By Matt Schudel
Washington Post Staff Writer
Sunday, April 6, 2008
Early in the spring of 1958, Dave Brubeck was driven past the final gate separating the Communist world from the West and dropped off on a street corner in East Berlin. Brubeck was already one of the best-known jazz musicians in the world, but he felt alone and conspicuous in the grim Cold War city of armed soldiers and a thousand lurking spies.
His mission: to pick up tickets and visas for his quartet to travel through East Germany to Poland. He was embarking on a State Department goodwill tour that would make him the first U.S. jazz musician to perform behind the Iron Curtain, but on this leg of the journey, he was left to his own devices. No one from the State Department was there to help him. Call him the jazzman who was left out in the cold.
Eventually, as Brubeck tells it, a burly-looking man approached him and said, "You Mr.
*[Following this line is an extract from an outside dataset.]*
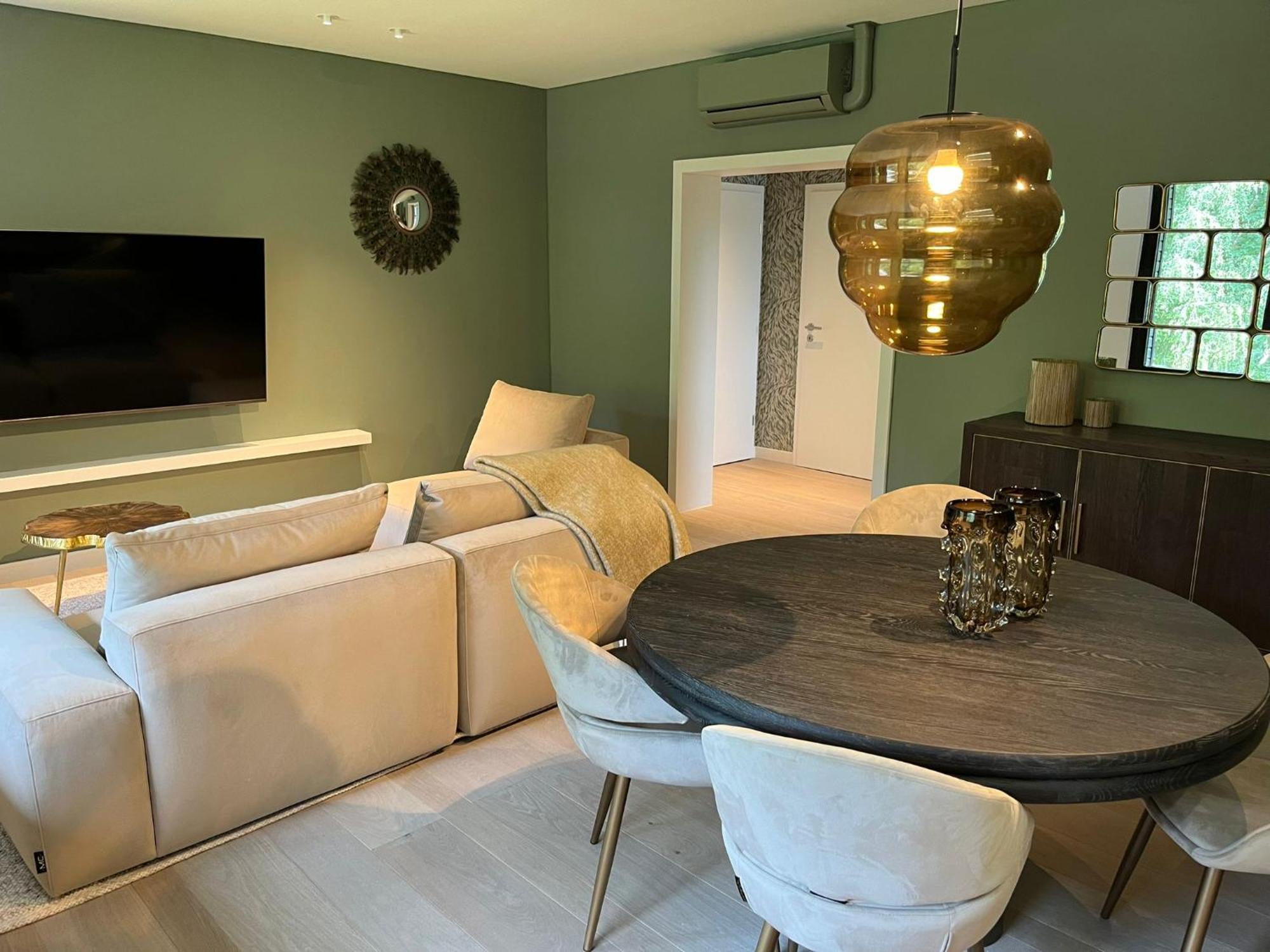 Van Der Valk Naturresort Drewitz Nossentiner Huette エクステリア 写真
Kulu."
"No, I'm Mr. Brubeck," he replied.
"You Mr. Kulu," the man repeated.
He then pulled out a Polish newspaper and pointed to Brubeck's picture. Finally, Brubeck realized what he meant: To the Poles, he was "Mr. Cool."
Later he climbed aboard an East German train bound for Poland with his wife, son, three band mates and a musician's wife. When guards demanded to know why the Americans were carrying so much luggage, Brubeck recalls, he had to pantomime drumming to explain that they were musicians traveling with instruments. His "boom, boom" drew suspicious glares, but they eventually made it to Warsaw.
This was his introduction to the strange, ill-defined world of cultural diplomacy, a little-known sidelight of international relations, when musicians and other artists were sent abroad by the State Department and U.S. Information Agency as emissaries of the American way.
Brubeck's 1958 tour moved on to Turkey, India, Ceylon (now Sri Lanka) and four countries much on our minds today: Afghanistan, Pakistan, Iran and Iraq. Louis Armstrong and Dizzy Gillespie had made earlier tours, but for decades Brubeck would be a semiofficial jazz ambassador for the United States, making repeated trips to Eastern Europe, Africa, Asia and the Middle East, cultivating new fans for his music and for the land it represented.
"There is no American alive who has done more extensive and effective cultural diplomacy than Dave Brubeck," says Dana Gioia, chairman of the National Endowment for the Arts. "Dave is not only one of the greatest living American artists, he's also one of the greatest living American diplomats."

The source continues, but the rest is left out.